The Front Row with JASON ELLIOTT June 9, 2010

| June 9, 2010 9:00 PM

May the best teams get the right calls

Like them or not, any referee's job is not an easy one.

Considering the past week in the sports world, with missed calls in the NBA finals and Major League Baseball, that target on their back isn't going away anytime soon.

LAST WEDNESDAY night, a missed call in the top of the ninth inning cost Detroit pitcher Armando Galarraga a perfect game against the Cleveland Indians.

Cleveland shortstop Jason Donald hit a routine grounder to Detroit first baseman Miguel Cabrera with two out in the ninth inning.

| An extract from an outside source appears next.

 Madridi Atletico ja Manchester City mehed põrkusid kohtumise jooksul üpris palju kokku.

As Galarraga went to cover first base, the throw was apparently too late, and the hitter was awarded first base. First base umpire Jim Joyce had the same angle he'd called a number of outs that night, but this time was different.

This time, he missed it.

It was the first and only runner to reach base that night for Cleveland, as Galarraga finished the game with a one-hit shutout.

After the game, Joyce returned to the umpire's room, looked over the video and noticed he missed the call, costing Galarraga the first perfect game in his career.

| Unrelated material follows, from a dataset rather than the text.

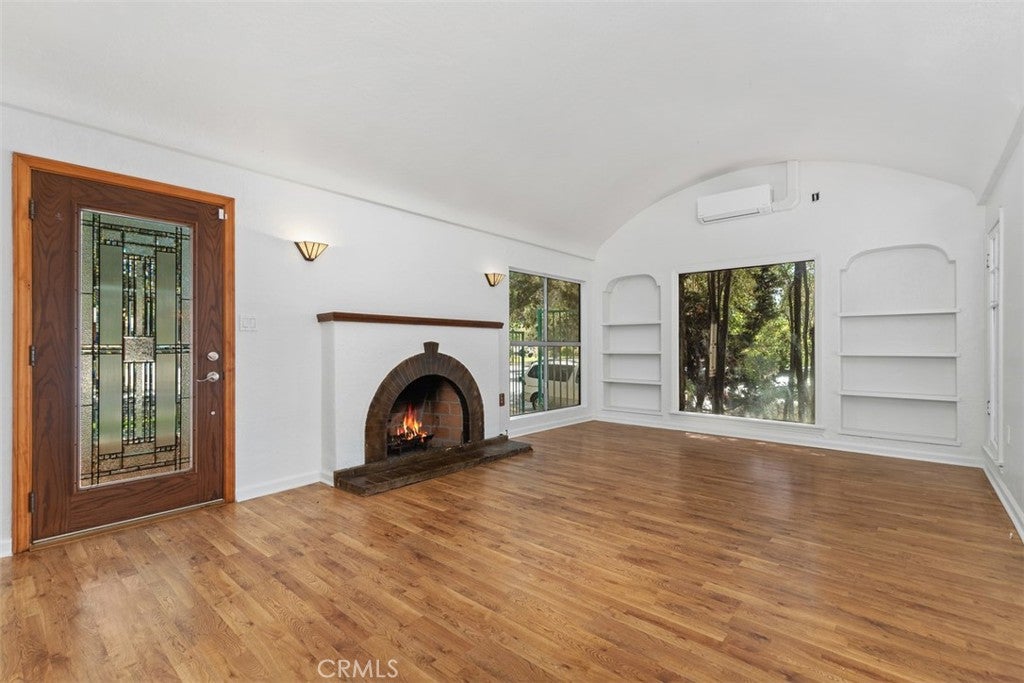 726 S Oak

Later that night, Joyce admitted he was wrong, apologized and moved on to the next game, shaking Galarraga's hand before the start of the next game.

Kudos to Joyce.

You don't see an umpire admit to messing up the way he did.

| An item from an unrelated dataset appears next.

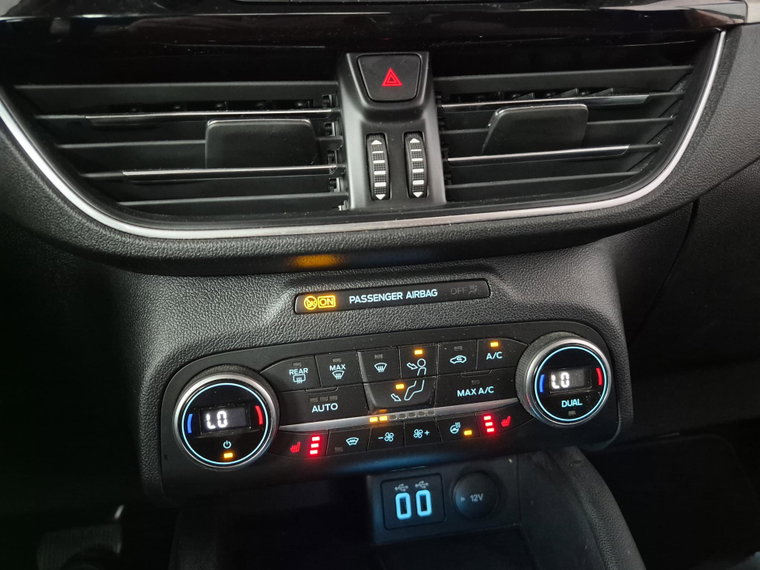 Vehicle Image 33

FOR REFEREES in boxing, it can be just as hard to make a decision on the conclusion of a match.

During the bout between Anthony Greenidge and Shawn Hawk last week at the Coeur d'Alene Casino, an accidental headbutt ended up costing Greenidge, who was mounting a furious comeback in the seventh of the scheduled 10-round bout. Greenidge, who opened a cut by accident, had his corner fighting for him that Hawk was opened by a punch, not the other way around.

None of that mattered as they went to the scorecards after the round, with Hawk getting the win.

Could the match have continued? Most likely. Those fans booing probably felt the same.

BUT TO think just anyone could step into their shoes isn't totally accurate.

Officials are trained to make split-second decisions, whether good or bad.

Outside of a couple bad calls once in a while, they get them right 95 percent of the time.

But, the best games you see are the ones when you don't know the umpires/referees are there.

As the NBA finals and Stanley Cup finals continue to get closer, expect a lot more questionable calls.

However things conclude, all I hope is the best team wins.

And officials have nothing to do with the outcome.